• Question: Do you have sponsors.

    Asked by Darth Vader to Jonathan, Kellie, Kevin, Melissa, Stephanie on 23 Apr 2016.
    • Photo: Kevin Baker

      Kevin Baker answered on 23 Apr 2016:


      I do not have any sponsors.

    • Photo: Kellie Jaremko

      Kellie Jaremko answered on 23 Apr 2016:


      I do not have any sponsors.

    • Photo: Stephanie Moon

      Stephanie Moon answered on 23 Apr 2016:


      Hello-
      There are a lot of rules and regulations that make sure scientists don’t have conflicts of interest in their research. So a sponsor that would normally give (for example) an athlete money to advertise their brand while they perform their sport would be really different from how we get money to work and do research. We need to make sure that our research is meaningful, and that we publish results that could not be skewed because of a sponsor’s influence. In reality, scientists like me are funded to work by a lot of different non-profit agencies and the government that want you to study a certain problem (without knowing how that problem will be solved). For example, I’m working as an employee of the Howard Hughes Medical Institute (called HHMI, read more at https://www.hhmi.org/) but soon I will be working as a Sie Foundation Fellow (http://www.globaldownsyndrome.org/our-story/history/about-the-anna-and-john-j-sie-foundation/) to study Down Syndrome. This group would like it if more scientists studied Down Syndrome, but it’s not like a sponsor because they are not paying me as a scientist to promote a brand.

    • Photo: Melissa Wilson Sayres

      Melissa Wilson Sayres answered on 24 Apr 2016:


      Sponsors mean something different in and out of science. In science, at my University, we have an Office of Sponsored Projects, than handles administration for grants that we receive to do our research. These grants are usually from the federal government (NSF, NIH, USDA, DOD, DOE… a whole alphabet soup of federal agencies), or from foundations (March of Dimes, American Cancer Society, etc). This office makes sure we are meeting our reporting deadlines and spending money in the ways we agreed with our sponsors. There are some major differences between the way we are sponsored in science, and the way sponsors work outside of research. One is that we apply to the different sponsors (they usually don’t come offer to sponsor us). This has to do with another major difference, which is that there are usually agreements that sponsored research in science will be free from influence of the sponsors. This is to help ensure unbiased experiments and interpretations.

    • Photo: Jonathan Jackson

      Jonathan Jackson answered on 25 Apr 2016:


      It looks like Stephanie and Melissa have answered this question in pretty careful detail, but I don’t have any sponsors in the traditional sense: It’s not as though “Jonathan’s Alzheimer’s Disease Research brought to you by Mountain Dew” is a thing that exists. There are large organizations through the US federal government and private foundations (for me, the Alzheimer’s Association) that offer grant money for projects usually between 2 and 5 years in length. You write a big grant proposal that usually takes between 1 and 3 months to write, wait for upwards of a year, and then find out if these agencies think your ideas are good enough to pay for.

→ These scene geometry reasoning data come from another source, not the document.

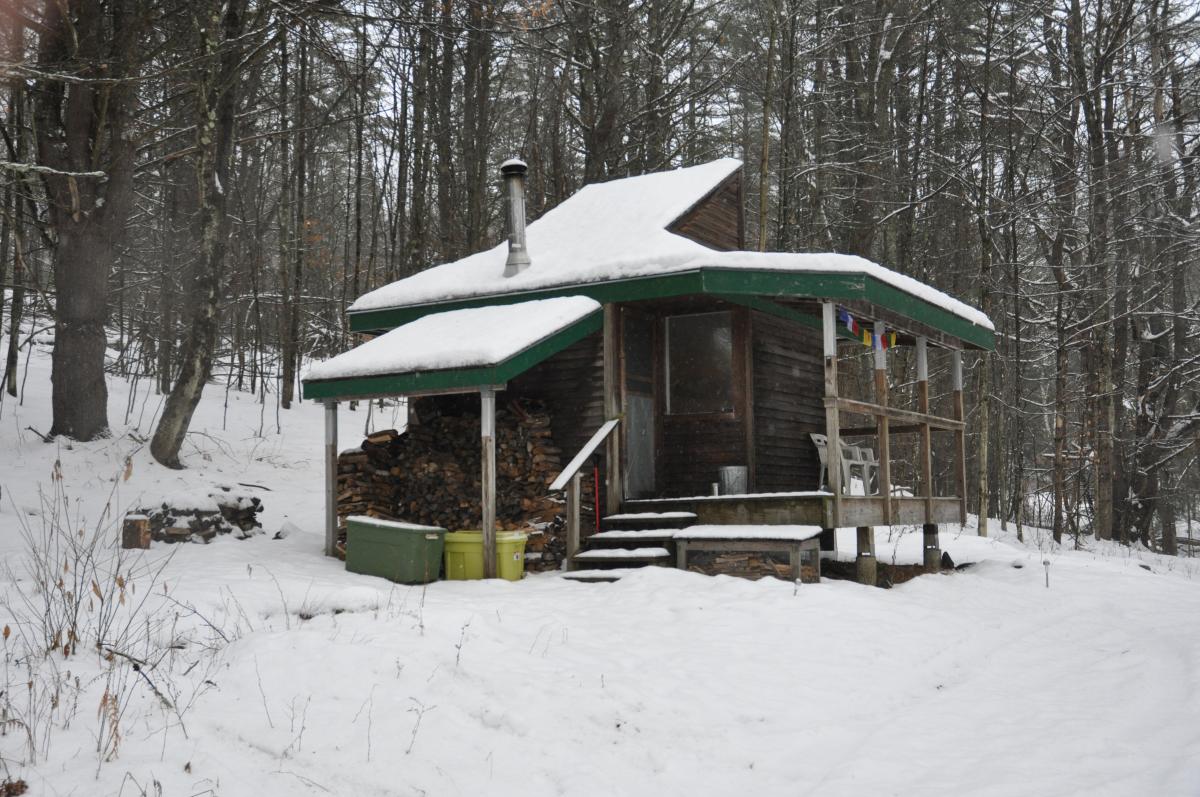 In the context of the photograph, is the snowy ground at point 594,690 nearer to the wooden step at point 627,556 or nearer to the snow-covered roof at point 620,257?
the wooden step at point 627,556

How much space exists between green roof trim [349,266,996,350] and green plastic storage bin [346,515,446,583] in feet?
10.6

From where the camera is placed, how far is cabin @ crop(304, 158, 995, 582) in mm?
9578

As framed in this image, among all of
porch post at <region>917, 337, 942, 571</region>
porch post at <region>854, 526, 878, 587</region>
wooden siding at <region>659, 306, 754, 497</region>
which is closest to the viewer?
porch post at <region>854, 526, 878, 587</region>

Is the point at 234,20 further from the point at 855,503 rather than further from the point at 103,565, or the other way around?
the point at 855,503

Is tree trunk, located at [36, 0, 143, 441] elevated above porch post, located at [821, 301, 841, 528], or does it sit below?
above

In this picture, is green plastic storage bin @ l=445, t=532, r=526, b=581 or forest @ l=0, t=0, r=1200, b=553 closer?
green plastic storage bin @ l=445, t=532, r=526, b=581

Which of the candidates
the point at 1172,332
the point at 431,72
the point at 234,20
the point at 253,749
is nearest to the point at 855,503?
the point at 253,749

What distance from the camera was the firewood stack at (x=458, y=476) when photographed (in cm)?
1048

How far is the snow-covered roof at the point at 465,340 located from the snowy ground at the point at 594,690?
2259mm

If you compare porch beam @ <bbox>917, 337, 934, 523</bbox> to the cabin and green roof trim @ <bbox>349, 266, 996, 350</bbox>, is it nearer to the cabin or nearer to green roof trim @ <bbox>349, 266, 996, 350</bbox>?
the cabin

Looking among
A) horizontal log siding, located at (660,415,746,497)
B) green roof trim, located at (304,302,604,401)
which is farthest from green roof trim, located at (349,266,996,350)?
horizontal log siding, located at (660,415,746,497)

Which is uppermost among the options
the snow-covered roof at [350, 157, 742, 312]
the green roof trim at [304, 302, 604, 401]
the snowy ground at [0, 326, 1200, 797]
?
the snow-covered roof at [350, 157, 742, 312]

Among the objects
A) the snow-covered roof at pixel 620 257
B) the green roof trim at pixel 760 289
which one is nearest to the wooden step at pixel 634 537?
the green roof trim at pixel 760 289

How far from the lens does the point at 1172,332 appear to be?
18.2m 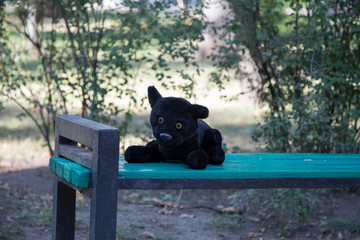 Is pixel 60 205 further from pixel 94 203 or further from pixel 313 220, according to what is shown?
pixel 313 220

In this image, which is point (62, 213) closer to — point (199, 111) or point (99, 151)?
point (99, 151)

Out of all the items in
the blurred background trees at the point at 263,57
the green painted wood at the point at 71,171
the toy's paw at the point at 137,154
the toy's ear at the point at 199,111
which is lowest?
the green painted wood at the point at 71,171

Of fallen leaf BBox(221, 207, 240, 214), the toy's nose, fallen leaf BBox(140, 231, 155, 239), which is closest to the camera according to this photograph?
the toy's nose

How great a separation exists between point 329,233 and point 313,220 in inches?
14.6

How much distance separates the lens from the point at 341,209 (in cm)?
523

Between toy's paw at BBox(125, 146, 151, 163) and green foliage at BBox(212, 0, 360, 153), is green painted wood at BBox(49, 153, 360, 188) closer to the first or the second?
toy's paw at BBox(125, 146, 151, 163)

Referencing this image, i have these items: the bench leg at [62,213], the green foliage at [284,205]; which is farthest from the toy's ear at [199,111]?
the green foliage at [284,205]

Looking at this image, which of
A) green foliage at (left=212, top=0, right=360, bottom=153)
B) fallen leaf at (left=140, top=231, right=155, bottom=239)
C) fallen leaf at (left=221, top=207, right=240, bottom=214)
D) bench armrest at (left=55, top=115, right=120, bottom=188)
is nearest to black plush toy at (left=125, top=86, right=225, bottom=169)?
bench armrest at (left=55, top=115, right=120, bottom=188)

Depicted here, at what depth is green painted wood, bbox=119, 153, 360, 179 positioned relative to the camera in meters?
2.91

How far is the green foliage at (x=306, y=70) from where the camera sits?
4.78m

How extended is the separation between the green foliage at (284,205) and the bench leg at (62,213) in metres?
2.00

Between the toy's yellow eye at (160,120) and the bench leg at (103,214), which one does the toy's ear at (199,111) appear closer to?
the toy's yellow eye at (160,120)

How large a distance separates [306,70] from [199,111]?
2.32 m

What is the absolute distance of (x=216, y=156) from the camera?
325cm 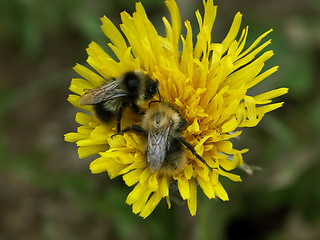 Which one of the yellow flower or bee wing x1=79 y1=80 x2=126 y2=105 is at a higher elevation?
bee wing x1=79 y1=80 x2=126 y2=105

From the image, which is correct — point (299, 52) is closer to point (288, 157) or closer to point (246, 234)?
point (288, 157)

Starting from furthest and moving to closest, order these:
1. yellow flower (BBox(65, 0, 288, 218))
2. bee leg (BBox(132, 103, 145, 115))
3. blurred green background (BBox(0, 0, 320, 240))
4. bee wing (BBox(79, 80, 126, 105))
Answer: blurred green background (BBox(0, 0, 320, 240)) → bee leg (BBox(132, 103, 145, 115)) → bee wing (BBox(79, 80, 126, 105)) → yellow flower (BBox(65, 0, 288, 218))

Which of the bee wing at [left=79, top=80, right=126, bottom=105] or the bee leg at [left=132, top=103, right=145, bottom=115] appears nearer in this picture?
the bee wing at [left=79, top=80, right=126, bottom=105]

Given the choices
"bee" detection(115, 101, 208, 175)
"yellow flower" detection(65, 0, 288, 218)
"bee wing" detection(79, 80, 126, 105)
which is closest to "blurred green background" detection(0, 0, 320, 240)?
"yellow flower" detection(65, 0, 288, 218)

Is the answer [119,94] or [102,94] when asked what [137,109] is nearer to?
[119,94]

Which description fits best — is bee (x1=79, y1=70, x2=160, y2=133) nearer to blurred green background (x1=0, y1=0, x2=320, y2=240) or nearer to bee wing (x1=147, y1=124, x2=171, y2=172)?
bee wing (x1=147, y1=124, x2=171, y2=172)

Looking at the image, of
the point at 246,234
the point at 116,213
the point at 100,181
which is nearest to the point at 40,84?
the point at 100,181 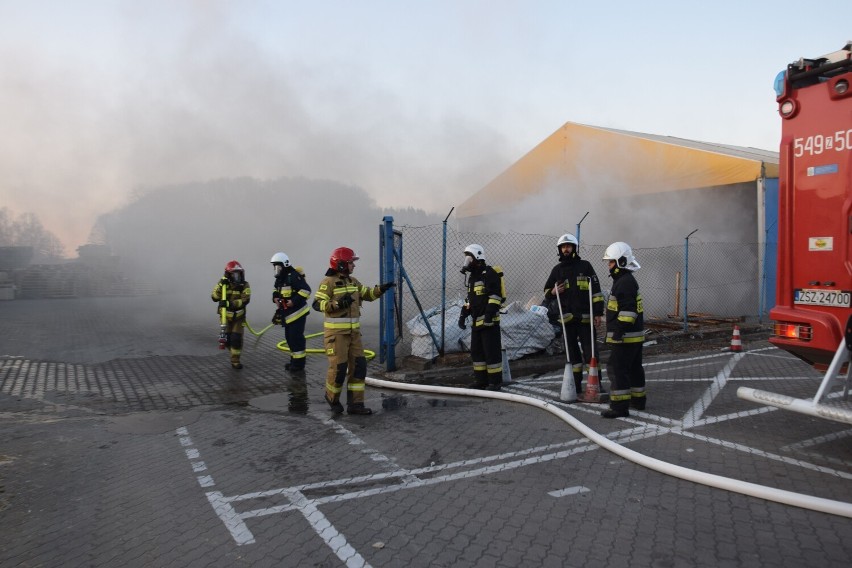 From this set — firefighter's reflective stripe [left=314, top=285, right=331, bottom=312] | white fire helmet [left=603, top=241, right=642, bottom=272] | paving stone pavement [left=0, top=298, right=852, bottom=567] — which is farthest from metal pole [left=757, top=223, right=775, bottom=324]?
firefighter's reflective stripe [left=314, top=285, right=331, bottom=312]

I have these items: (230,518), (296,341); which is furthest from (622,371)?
(296,341)

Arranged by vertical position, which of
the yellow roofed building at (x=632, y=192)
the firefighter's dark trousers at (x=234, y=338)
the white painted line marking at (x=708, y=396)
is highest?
the yellow roofed building at (x=632, y=192)

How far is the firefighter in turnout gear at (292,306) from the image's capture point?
8305mm

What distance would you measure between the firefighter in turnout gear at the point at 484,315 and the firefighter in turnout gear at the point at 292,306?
2741mm

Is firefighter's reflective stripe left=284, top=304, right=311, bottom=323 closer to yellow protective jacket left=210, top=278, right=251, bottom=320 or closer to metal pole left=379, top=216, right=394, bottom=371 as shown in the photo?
yellow protective jacket left=210, top=278, right=251, bottom=320

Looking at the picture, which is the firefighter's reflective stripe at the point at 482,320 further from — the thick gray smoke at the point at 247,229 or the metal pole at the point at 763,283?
the thick gray smoke at the point at 247,229

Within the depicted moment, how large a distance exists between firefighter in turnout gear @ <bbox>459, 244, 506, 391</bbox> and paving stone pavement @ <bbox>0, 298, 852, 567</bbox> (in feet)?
1.47

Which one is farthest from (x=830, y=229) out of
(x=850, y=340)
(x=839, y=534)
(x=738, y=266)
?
(x=738, y=266)

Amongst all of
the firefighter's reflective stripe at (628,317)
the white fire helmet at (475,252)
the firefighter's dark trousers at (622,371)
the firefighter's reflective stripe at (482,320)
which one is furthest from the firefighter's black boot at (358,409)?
the firefighter's reflective stripe at (628,317)

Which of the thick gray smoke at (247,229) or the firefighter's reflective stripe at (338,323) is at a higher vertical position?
the thick gray smoke at (247,229)

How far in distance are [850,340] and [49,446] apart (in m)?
6.44

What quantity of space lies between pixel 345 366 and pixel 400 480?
2251 millimetres

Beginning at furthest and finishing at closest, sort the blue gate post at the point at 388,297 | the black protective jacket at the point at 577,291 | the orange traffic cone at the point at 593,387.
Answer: the blue gate post at the point at 388,297
the black protective jacket at the point at 577,291
the orange traffic cone at the point at 593,387

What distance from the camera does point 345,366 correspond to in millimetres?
6164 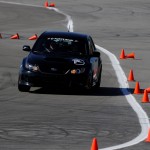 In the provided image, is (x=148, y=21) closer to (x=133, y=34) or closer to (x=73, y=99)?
(x=133, y=34)

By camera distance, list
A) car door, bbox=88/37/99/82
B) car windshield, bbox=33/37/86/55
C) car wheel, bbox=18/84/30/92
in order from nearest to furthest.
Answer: car wheel, bbox=18/84/30/92 < car door, bbox=88/37/99/82 < car windshield, bbox=33/37/86/55

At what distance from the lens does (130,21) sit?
47375mm

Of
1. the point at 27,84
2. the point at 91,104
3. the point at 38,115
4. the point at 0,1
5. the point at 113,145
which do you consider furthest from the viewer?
the point at 0,1

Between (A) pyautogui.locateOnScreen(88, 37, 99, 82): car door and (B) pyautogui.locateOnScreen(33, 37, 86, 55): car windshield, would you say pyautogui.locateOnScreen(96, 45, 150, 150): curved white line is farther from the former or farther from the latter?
(B) pyautogui.locateOnScreen(33, 37, 86, 55): car windshield

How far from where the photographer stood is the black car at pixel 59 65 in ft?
69.5

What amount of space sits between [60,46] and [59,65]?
1.17 meters

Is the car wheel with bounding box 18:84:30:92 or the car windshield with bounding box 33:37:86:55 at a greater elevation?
the car windshield with bounding box 33:37:86:55

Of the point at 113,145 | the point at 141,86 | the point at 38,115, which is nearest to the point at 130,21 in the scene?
the point at 141,86

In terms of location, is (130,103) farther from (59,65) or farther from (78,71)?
(59,65)

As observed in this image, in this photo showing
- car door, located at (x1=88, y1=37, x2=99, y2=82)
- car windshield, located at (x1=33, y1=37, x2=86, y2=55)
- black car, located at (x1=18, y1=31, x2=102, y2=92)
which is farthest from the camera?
car windshield, located at (x1=33, y1=37, x2=86, y2=55)

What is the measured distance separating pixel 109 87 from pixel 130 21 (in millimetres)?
24497

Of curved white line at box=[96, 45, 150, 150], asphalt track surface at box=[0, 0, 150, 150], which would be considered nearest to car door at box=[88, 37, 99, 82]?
asphalt track surface at box=[0, 0, 150, 150]

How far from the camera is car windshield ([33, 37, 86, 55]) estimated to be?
22216 millimetres

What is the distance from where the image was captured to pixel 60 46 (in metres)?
22.3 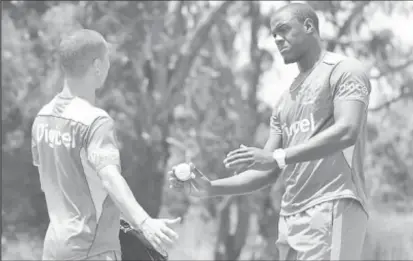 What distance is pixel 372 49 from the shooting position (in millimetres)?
16234

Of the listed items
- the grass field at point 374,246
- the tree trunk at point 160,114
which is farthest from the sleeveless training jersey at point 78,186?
the tree trunk at point 160,114

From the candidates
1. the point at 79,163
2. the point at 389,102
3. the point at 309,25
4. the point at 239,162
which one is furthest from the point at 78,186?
the point at 389,102

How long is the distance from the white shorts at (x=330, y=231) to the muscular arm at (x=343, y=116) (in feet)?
1.00

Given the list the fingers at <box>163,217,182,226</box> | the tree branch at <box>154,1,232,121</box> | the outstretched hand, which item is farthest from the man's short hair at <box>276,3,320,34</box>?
the tree branch at <box>154,1,232,121</box>

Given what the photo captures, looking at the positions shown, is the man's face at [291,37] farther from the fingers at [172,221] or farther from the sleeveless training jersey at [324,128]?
the fingers at [172,221]

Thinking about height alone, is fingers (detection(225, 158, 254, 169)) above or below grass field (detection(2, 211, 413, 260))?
above

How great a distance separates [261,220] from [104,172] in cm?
1289

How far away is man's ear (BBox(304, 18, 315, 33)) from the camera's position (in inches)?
184

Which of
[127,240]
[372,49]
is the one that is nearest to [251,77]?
[372,49]

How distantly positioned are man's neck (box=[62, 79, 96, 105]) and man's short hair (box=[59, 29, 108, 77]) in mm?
40

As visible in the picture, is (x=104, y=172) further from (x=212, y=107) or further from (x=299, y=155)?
(x=212, y=107)

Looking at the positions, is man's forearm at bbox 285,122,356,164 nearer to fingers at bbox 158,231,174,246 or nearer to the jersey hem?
the jersey hem

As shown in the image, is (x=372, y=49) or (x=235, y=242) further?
(x=235, y=242)

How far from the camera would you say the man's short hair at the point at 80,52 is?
179 inches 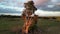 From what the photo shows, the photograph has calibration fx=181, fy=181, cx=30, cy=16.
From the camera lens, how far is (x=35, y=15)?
1926 mm

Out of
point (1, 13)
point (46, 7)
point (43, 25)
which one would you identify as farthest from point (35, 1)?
point (1, 13)

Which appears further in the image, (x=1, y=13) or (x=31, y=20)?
(x=1, y=13)

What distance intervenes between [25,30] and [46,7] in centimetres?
36

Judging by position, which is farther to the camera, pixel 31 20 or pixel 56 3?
pixel 56 3

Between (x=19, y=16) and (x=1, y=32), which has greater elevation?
(x=19, y=16)

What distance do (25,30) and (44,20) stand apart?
250 mm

      I also work with clinical trials for Alzheimer’s disease, and the trials do tend to be sponsored by a pharmaceutical company. The company pays for the study drugs, some of the costs of the study, and they make sure that all the rules are followed, but there are strict regulations (as Stephanie said) that make sure that the company can’t influence the quality of the data we generate and report. Sometimes they get to look at the data for a few months before releasing it to the public, but that’s about as much influence as a company can have on a clinical trial.